## EXERCISE DATA

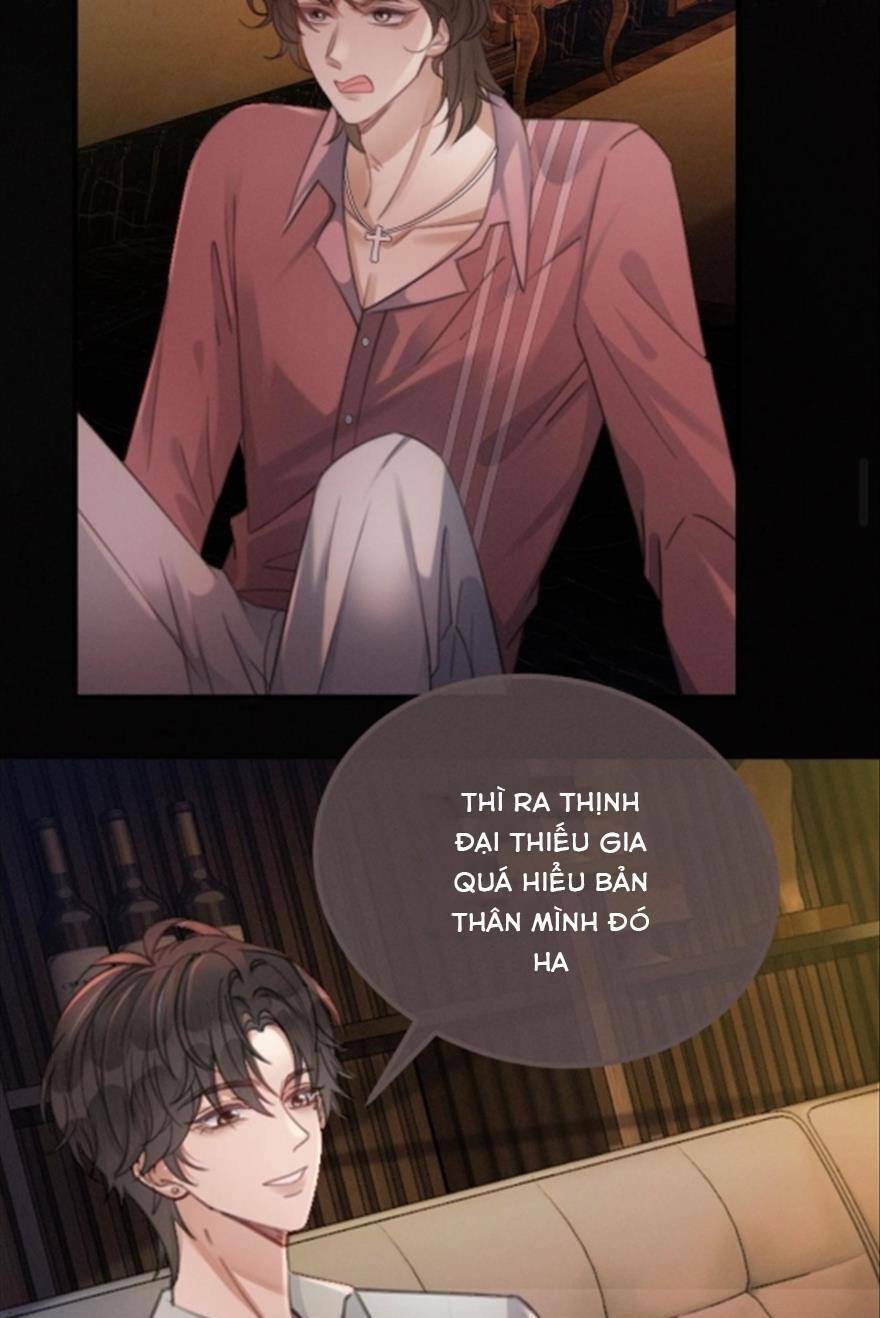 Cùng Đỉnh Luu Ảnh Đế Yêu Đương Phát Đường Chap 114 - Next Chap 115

...

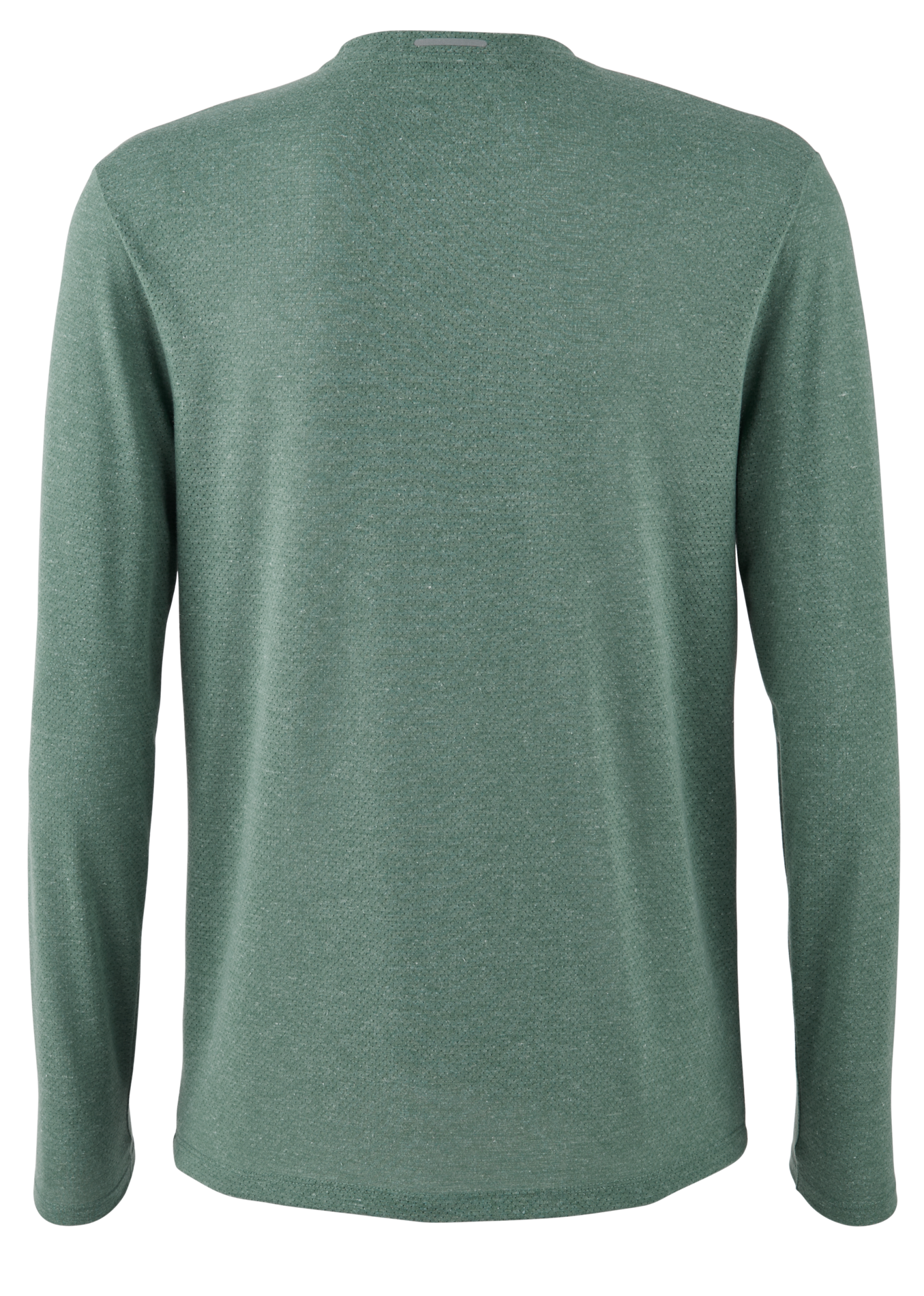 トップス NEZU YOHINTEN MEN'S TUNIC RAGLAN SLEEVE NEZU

==

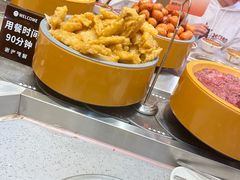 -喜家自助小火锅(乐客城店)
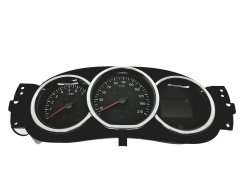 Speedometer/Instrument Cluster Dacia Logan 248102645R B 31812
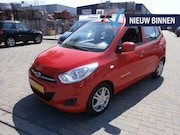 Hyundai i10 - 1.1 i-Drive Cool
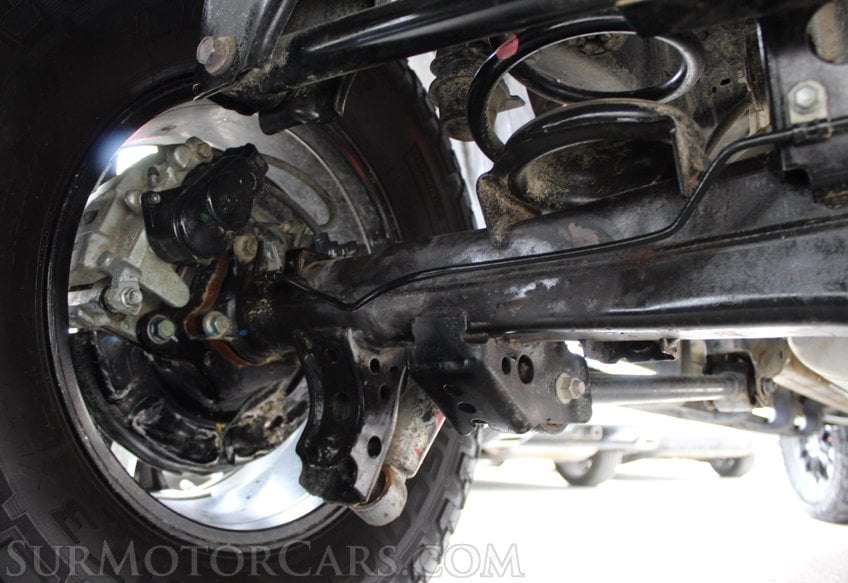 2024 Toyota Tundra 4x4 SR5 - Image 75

## PROBLEM
Transcribe, word for word, the lines of the listing above from the one that contains "Hyundai i10 - 1.1 i-Drive Cool" through the one that contains "2024 Toyota Tundra 4x4 SR5 - Image 75", keeping both ends and dropping the pictures.

## ANSWER AREA
 Hyundai i10 - 1.1 i-Drive Cool
 2024 Toyota Tundra 4x4 SR5 - Image 75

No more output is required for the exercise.